As revenue margins narrowed, a leader decided to take a strategic approach to creating positive experiences in an attempt to make a change. He gathered the leadership team in the center of the cafeteria -- where many employees were enjoying lunch nearby -- and asked each member of the team come prepared with their best joke.
As the leadership team sat in the center of the room and laughed, all of the employees who witnessed the interaction partook in the same shared experience -- an experience that reflected happiness, camaraderie, and mutual respect. As a result, many employees came away with new beliefs, such as "The leadership team at this organization is built on a foundation of mutual trust" and "The leaders at this organization enjoy working here."
Consequently, these beliefs spread and took root within the organization, leading to higher rates of motivated action-taking toward Key Results and eventually boosting topline performance.
Future Leaders Guarantee Organizational Success
It should be apparent that future leaders will succeed by doing more than developing robust strategies for handling increasing rates of change, shifting workplace dynamics, and competitive market conditions. Mastering rapidly-evolving markets will be impossible without creating a workforce that takes personal and collective accountability for driving high levels of performance.

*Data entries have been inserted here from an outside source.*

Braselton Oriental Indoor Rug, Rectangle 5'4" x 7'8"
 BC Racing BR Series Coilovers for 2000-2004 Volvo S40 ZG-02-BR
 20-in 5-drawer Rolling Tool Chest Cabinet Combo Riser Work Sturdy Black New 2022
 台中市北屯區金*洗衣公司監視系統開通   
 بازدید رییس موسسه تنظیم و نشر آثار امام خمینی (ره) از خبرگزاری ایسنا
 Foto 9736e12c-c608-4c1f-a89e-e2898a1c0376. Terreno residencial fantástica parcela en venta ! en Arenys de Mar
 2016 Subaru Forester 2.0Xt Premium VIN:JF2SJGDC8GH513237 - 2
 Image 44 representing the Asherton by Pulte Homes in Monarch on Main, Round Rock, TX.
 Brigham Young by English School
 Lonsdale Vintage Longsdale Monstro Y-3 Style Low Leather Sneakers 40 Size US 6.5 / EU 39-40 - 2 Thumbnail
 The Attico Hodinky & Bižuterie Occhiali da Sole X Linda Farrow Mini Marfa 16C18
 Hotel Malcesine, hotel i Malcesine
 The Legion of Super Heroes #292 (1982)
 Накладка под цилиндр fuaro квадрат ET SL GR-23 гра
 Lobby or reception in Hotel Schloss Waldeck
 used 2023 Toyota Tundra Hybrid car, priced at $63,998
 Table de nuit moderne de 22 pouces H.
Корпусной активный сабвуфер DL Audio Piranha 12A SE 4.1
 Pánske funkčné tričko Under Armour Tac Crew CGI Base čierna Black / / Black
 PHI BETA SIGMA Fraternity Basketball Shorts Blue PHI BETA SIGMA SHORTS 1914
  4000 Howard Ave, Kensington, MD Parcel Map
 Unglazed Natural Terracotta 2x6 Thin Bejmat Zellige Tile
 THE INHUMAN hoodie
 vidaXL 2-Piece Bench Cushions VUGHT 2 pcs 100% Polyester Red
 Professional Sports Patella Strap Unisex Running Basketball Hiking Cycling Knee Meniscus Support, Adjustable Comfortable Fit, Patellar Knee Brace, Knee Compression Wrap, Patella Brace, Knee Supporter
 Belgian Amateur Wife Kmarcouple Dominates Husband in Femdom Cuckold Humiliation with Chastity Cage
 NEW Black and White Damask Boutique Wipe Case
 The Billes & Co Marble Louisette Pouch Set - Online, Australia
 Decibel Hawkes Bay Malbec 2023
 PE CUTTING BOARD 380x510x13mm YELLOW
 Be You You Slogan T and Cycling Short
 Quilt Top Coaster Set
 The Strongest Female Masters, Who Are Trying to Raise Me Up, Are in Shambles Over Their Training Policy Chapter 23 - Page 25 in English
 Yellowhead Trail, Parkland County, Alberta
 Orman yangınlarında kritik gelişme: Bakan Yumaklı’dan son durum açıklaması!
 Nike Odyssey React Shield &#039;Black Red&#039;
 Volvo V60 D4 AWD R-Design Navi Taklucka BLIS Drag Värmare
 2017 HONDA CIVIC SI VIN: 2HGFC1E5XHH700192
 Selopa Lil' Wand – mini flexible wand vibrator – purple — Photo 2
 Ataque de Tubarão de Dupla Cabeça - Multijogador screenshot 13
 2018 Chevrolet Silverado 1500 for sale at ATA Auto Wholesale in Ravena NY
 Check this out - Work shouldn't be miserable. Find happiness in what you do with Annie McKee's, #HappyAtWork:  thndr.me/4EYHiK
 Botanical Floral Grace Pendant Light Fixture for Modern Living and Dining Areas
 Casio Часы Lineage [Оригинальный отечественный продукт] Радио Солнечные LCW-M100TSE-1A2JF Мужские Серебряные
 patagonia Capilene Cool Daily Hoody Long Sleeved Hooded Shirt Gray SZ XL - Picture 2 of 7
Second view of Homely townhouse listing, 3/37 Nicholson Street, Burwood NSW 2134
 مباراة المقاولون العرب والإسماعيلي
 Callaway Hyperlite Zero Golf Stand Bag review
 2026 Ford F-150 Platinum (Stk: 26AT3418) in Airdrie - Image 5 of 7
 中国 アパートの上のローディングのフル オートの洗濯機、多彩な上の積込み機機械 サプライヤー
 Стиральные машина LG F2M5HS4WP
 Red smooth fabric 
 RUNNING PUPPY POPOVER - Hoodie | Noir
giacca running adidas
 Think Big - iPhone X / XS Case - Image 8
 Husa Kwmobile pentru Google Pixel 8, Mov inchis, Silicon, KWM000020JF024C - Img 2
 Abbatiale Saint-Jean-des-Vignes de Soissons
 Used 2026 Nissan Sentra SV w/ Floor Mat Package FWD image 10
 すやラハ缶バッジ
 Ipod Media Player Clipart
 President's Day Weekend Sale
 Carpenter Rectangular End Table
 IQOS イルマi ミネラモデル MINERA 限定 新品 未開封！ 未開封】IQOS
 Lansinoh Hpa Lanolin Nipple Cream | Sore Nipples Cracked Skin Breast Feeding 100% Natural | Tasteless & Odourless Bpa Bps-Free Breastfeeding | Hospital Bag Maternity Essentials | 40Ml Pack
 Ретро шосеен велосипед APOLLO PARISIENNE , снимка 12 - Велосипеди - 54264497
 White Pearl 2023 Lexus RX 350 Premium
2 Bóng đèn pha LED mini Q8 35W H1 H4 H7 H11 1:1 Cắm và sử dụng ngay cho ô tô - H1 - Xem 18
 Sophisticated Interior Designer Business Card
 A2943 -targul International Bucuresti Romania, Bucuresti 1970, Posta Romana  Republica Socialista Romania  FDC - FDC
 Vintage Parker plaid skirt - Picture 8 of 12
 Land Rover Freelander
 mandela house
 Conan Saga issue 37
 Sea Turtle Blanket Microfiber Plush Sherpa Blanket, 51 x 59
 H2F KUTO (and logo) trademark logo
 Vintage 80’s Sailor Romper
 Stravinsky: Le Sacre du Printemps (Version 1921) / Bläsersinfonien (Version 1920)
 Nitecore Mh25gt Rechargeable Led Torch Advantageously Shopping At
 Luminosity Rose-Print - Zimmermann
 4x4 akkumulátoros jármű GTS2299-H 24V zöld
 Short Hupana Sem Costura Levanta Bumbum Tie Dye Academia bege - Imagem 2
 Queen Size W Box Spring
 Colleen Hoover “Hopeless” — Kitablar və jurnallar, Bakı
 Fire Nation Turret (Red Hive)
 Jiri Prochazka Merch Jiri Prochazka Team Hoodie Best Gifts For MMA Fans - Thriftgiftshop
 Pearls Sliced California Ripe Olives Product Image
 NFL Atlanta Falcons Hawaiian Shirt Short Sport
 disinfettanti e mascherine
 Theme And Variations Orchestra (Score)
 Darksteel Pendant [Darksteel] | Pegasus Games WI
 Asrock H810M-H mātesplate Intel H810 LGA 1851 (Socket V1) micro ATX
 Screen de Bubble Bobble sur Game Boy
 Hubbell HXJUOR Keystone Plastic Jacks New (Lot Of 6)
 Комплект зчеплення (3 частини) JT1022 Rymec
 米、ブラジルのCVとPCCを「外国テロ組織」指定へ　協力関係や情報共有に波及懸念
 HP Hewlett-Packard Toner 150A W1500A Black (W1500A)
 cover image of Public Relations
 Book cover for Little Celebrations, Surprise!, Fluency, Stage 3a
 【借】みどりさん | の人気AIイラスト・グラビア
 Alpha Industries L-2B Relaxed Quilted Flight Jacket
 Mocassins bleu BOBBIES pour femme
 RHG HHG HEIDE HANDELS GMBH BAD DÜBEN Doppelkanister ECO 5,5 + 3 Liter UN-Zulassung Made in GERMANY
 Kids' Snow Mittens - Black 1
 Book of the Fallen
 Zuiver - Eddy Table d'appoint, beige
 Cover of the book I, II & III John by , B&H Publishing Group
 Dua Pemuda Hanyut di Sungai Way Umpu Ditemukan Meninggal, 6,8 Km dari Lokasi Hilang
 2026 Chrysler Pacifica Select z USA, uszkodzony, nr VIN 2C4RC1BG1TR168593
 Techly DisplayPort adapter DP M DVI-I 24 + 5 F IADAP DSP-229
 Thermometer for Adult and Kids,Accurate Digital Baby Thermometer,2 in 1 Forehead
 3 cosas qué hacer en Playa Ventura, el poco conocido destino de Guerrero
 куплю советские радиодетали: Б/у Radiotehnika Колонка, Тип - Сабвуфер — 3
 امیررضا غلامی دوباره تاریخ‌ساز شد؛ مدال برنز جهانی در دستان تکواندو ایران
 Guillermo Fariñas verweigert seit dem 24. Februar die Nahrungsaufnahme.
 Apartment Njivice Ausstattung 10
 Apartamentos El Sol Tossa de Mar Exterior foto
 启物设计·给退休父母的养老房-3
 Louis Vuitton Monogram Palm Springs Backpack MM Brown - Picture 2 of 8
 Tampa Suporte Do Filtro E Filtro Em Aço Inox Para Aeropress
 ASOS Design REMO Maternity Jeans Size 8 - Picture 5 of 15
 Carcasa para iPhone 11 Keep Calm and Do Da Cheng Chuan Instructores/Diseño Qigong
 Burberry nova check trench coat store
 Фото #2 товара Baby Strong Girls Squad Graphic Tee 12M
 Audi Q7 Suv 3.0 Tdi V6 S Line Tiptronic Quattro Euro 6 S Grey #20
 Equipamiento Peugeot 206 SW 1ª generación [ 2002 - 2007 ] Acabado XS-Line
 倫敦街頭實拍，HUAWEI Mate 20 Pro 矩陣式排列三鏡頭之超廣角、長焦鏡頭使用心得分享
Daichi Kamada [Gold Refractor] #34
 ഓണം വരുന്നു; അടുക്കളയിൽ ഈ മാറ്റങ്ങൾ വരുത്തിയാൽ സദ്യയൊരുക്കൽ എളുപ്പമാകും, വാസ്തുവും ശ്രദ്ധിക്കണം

Future leaders will be expert culture managers, able to cultivate positive employee experiences that lead to beliefs that inform self-selecting action toward Key Results.
Workplace, industry, and marketplace change can be intimidating for organizations of any size or stature. Many of the leadership issues in business today revolve around these disruptions. Luckily, mastering leadership and management skills for managing culture effectively positions an organization for sustained success.